Bi Chengpeng
Bioinformatics and Intelligent Computing Laboratory, Division of Clinical Pharmacology, Children's Mercy Hospitals and Clinics, 2401 Gillham Road, Kansas City, MO 64108, USA.
IEEE/ACM Trans Comput Biol Bioinform. 2009 Jul-Sep;6(3):370-86. doi: 10.1109/TCBB.2008.103.
Motif discovery methods play pivotal roles in deciphering the genetic regulatory codes (i.e., motifs) in genomes as well as in locating conserved domains in protein sequences. The Expectation Maximization (EM) algorithm is one of the most popular methods used in de novo motif discovery. Based on the position weight matrix (PWM) updating technique, this paper presents a Monte Carlo version of the EM motif-finding algorithm that carries out stochastic sampling in local alignment space to overcome the conventional EM's main drawback of being trapped in a local optimum. The newly implemented algorithm is named as Monte Carlo EM Motif Discovery Algorithm (MCEMDA). MCEMDA starts from an initial model, and then it iteratively performs Monte Carlo simulation and parameter update until convergence. A log-likelihood profiling technique together with the top-k strategy is introduced to cope with the phase shifts and multiple modal issues in motif discovery problem. A novel grouping motif alignment (GMA) algorithm is designed to select motifs by clustering a population of candidate local alignments and successfully applied to subtle motif discovery.

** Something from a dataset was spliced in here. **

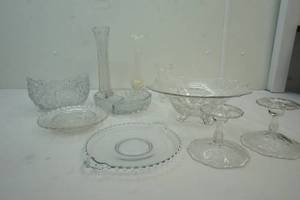 Vintage cut glass and lead glass containers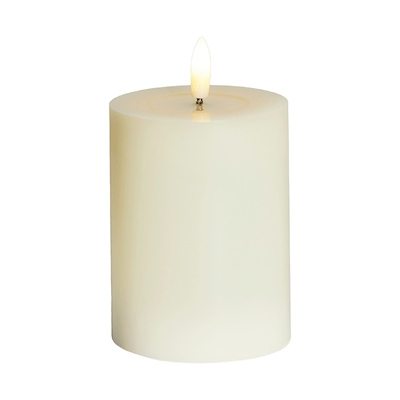 Sirius Sille Lak LED bloklys creme H 10 cm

MCEMDA compares favorably to other popular PWM-based and word enumerative motif algorithms tested using simulated (l, d)-motif cases, documented prokaryotic, and eukaryotic DNA motif sequences. Finally, MCEMDA is applied to detect large blocks of conserved domains using protein benchmarks and exhibits its excellent capacity while compared with other multiple sequence alignment methods.

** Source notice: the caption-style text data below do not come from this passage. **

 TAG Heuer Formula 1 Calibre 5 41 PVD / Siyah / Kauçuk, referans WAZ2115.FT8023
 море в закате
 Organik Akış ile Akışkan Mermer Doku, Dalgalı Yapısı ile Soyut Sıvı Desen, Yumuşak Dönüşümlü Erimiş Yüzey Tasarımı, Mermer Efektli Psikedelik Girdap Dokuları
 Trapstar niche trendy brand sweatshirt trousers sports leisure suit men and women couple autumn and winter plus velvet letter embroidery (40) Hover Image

基序发现方法在解读基因组中的遗传调控密码(即基序)以及定位蛋白质序列中的保守结构域方面发挥着关键作用。期望最大化(EM)算法是从头基序发现中最常用的方法之一。基于位置权重矩阵(PWM)更新技术,本文提出了一种EM基序查找算法的蒙特卡罗版本,该算法在局部比对空间中进行随机抽样,以克服传统EM算法被困于局部最优的主要缺点。新实现的算法被命名为蒙特卡罗EM基序发现算法(MCEMDA)。MCEMDA从初始模型开始,然后迭代执行蒙特卡罗模拟和参数更新,直至收敛。引入对数似然分析技术和前k策略来处理基序发现问题中的相位偏移和多模态问题。设计了一种新颖的分组基序比对(GMA)算法,通过对一组候选局部比对进行聚类来选择基序,并成功应用于细微基序发现。在使用模拟的(l, d)基序案例、已记录的原核生物和真核生物DNA基序序列进行测试时,MCEMDA与其他流行的基于PWM和词枚举的基序算法相比表现出色。最后,MCEMDA应用于使用蛋白质基准检测保守结构域的大片段,并与其他多序列比对方法相比展现出其卓越的能力。